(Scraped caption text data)
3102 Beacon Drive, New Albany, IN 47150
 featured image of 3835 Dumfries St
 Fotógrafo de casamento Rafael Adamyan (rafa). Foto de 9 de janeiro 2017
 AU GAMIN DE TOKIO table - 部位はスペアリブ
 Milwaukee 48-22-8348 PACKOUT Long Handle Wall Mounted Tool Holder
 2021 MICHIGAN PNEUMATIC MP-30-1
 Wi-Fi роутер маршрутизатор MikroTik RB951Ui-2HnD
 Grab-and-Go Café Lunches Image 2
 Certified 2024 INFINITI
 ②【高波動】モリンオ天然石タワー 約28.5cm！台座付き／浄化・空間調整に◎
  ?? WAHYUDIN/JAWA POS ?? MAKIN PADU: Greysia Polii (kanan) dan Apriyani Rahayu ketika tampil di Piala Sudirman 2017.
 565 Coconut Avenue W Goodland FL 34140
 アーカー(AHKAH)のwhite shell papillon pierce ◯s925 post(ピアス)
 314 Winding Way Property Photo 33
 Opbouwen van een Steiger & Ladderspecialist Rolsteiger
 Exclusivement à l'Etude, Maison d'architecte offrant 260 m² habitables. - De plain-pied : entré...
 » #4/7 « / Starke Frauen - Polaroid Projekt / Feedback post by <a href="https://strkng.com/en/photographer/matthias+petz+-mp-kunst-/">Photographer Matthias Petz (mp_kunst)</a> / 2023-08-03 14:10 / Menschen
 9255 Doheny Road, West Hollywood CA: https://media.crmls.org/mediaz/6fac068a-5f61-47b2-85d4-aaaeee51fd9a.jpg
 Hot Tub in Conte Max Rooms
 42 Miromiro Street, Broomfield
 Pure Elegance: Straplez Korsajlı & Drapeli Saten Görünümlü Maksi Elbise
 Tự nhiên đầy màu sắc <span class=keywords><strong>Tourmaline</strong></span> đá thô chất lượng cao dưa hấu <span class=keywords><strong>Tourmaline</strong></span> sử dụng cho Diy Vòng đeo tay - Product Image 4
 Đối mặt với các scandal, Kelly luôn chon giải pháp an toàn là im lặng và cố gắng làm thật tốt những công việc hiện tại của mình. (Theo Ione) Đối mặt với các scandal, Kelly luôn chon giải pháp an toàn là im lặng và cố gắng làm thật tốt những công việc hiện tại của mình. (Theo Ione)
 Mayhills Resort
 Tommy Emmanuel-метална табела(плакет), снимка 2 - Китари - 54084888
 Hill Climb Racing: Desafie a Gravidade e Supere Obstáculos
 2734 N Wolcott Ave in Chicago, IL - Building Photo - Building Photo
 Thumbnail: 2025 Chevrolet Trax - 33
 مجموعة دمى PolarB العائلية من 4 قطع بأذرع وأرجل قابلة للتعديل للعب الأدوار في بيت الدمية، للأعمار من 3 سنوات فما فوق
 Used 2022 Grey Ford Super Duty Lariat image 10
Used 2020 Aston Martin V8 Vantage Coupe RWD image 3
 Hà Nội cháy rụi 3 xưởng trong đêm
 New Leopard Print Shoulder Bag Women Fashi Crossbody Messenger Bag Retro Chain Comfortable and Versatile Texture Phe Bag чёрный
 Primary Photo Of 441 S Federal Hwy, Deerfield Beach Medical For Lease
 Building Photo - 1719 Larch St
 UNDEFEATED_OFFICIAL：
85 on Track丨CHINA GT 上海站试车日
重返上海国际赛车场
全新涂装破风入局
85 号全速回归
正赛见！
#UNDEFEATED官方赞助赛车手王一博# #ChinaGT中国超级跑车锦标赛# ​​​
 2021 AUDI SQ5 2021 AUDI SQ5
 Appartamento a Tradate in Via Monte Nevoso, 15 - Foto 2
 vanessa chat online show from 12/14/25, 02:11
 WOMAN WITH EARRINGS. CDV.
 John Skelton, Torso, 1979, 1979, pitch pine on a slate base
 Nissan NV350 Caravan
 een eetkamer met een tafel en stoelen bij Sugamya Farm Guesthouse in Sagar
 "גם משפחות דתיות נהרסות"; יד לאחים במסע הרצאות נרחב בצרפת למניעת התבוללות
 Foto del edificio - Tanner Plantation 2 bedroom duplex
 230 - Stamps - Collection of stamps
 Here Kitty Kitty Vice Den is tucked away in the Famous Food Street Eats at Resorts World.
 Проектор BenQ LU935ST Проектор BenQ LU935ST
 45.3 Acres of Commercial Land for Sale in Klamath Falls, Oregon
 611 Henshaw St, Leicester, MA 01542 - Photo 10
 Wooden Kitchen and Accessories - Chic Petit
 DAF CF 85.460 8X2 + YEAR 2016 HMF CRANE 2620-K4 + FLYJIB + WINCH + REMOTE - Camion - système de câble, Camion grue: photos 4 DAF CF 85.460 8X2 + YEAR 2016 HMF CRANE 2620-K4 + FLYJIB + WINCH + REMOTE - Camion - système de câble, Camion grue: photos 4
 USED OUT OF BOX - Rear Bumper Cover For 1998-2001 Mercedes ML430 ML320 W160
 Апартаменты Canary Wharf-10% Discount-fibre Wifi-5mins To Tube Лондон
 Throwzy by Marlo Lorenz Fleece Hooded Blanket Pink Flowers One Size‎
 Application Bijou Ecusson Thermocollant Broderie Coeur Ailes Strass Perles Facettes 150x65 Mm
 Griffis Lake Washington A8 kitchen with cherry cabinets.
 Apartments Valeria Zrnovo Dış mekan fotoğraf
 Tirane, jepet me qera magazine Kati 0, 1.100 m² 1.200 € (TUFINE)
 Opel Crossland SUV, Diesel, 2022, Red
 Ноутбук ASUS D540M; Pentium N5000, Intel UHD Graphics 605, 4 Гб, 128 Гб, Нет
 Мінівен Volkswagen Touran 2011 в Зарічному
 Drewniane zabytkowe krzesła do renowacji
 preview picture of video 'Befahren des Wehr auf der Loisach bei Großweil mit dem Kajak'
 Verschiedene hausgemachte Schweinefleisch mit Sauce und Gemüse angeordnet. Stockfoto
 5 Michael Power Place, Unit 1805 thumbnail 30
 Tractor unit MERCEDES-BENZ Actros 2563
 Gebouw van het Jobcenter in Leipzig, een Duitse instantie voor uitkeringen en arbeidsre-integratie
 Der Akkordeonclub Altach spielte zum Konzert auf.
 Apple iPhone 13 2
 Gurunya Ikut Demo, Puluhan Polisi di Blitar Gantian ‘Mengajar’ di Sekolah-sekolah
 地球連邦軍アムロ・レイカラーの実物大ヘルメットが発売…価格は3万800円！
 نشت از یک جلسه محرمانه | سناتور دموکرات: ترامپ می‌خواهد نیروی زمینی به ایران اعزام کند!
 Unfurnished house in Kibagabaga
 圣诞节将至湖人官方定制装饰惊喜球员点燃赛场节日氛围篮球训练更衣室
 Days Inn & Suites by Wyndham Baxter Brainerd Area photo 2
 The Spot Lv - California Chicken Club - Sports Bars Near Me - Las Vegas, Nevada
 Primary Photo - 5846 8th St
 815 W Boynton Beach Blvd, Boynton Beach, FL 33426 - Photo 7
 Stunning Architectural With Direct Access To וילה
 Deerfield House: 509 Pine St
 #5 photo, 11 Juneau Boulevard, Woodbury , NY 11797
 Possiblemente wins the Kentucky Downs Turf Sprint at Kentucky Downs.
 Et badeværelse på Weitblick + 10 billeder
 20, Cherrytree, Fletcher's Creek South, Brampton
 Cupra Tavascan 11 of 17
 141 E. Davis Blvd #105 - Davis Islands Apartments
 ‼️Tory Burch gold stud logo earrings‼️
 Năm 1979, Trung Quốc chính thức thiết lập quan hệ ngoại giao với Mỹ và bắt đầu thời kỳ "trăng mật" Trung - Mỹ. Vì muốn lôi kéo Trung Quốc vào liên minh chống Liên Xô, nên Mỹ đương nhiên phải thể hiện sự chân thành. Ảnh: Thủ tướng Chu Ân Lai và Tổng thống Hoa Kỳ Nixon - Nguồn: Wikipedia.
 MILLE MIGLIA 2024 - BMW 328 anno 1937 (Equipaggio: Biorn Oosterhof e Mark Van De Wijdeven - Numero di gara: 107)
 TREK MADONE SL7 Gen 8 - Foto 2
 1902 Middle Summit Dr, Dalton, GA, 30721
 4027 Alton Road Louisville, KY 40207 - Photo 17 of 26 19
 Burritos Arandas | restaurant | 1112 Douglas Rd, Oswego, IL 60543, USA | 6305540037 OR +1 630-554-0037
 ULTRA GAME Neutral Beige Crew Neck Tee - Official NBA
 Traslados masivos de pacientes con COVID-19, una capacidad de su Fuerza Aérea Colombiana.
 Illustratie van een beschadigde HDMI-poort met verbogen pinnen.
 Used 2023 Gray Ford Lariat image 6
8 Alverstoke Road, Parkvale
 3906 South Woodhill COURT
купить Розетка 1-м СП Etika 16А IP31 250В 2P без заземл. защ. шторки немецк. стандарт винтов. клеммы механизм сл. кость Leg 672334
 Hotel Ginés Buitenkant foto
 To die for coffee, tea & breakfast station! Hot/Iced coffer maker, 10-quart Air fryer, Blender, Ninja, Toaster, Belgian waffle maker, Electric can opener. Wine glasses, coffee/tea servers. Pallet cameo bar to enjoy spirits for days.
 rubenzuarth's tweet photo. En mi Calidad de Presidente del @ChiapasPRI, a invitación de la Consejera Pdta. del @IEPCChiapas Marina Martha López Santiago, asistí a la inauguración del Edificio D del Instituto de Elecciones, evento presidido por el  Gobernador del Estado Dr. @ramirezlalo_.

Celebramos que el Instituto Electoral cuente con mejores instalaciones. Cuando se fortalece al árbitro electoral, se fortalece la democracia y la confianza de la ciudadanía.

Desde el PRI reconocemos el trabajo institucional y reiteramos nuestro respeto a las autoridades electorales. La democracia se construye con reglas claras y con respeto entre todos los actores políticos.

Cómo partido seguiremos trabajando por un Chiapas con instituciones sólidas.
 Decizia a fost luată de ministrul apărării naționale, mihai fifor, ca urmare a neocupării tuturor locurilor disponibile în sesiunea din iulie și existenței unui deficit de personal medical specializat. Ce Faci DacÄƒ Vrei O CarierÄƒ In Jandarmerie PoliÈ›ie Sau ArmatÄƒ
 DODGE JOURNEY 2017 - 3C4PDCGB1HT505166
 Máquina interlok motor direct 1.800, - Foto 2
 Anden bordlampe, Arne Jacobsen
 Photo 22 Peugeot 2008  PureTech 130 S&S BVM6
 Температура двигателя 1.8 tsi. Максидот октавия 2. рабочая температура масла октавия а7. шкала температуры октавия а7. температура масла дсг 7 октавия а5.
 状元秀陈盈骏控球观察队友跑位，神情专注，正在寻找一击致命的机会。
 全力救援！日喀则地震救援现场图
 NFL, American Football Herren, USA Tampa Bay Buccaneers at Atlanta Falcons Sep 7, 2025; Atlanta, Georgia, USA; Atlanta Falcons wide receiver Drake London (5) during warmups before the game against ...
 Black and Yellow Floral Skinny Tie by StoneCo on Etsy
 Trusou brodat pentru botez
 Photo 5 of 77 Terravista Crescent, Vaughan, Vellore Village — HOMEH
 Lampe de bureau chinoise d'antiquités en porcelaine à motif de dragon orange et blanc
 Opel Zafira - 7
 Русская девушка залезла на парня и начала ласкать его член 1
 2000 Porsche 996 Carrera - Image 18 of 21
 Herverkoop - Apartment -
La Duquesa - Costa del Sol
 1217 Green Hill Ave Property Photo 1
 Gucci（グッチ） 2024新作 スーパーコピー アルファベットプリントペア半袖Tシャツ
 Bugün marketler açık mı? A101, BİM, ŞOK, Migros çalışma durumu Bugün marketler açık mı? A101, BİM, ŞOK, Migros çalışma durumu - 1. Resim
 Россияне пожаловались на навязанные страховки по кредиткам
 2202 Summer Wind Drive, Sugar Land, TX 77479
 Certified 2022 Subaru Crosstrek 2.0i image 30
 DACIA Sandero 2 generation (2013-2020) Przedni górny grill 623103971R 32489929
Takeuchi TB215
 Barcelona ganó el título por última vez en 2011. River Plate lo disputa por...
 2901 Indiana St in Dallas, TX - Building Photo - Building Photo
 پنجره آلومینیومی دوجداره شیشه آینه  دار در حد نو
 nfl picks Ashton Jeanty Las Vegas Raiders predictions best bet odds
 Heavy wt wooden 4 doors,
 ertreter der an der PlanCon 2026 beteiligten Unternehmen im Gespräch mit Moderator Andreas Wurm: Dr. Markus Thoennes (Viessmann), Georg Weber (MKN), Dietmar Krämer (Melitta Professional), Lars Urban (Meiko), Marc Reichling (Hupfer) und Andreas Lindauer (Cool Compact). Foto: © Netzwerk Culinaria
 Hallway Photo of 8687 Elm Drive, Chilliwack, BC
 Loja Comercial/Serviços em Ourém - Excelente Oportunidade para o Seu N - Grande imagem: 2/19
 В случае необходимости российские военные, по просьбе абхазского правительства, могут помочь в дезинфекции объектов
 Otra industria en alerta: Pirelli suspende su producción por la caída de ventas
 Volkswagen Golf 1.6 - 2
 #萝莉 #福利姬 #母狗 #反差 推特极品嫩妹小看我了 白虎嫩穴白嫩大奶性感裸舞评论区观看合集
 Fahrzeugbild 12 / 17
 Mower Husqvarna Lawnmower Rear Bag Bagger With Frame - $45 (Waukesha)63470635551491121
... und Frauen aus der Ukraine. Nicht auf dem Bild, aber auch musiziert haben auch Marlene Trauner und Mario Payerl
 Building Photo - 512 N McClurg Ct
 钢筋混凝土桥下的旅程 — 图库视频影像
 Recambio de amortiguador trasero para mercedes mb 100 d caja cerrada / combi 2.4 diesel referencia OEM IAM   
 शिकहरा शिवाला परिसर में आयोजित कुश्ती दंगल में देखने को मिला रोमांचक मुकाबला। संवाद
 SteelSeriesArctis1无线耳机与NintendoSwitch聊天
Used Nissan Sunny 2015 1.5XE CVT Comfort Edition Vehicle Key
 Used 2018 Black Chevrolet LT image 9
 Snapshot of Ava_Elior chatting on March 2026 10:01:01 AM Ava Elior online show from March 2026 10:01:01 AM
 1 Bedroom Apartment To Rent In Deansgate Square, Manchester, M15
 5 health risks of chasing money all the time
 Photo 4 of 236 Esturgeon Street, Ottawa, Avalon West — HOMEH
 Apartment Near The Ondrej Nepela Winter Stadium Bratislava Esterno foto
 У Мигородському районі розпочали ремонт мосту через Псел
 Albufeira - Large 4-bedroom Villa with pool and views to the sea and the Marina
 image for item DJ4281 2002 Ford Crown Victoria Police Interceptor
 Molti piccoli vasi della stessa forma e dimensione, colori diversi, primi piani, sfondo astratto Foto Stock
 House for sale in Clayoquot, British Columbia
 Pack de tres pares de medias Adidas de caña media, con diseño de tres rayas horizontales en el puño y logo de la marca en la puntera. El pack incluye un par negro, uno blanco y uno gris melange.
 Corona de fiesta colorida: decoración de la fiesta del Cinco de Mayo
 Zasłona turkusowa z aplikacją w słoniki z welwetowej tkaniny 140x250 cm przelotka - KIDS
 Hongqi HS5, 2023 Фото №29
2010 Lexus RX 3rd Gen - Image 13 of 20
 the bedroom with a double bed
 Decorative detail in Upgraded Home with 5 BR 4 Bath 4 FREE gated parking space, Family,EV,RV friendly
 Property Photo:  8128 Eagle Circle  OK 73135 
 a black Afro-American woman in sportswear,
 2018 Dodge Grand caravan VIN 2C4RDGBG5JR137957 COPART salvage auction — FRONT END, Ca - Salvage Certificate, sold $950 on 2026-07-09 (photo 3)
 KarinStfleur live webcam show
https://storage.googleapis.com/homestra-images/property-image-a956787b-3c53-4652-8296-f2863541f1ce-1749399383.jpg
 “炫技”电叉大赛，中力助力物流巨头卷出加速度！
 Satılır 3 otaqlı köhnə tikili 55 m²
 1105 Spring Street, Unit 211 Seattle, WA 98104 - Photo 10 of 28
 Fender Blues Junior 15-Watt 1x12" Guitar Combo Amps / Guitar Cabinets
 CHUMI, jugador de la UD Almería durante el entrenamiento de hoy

* Assignment: Each line of the entries that holds "West" should be counted, and only the total given.

* Exercise result: 2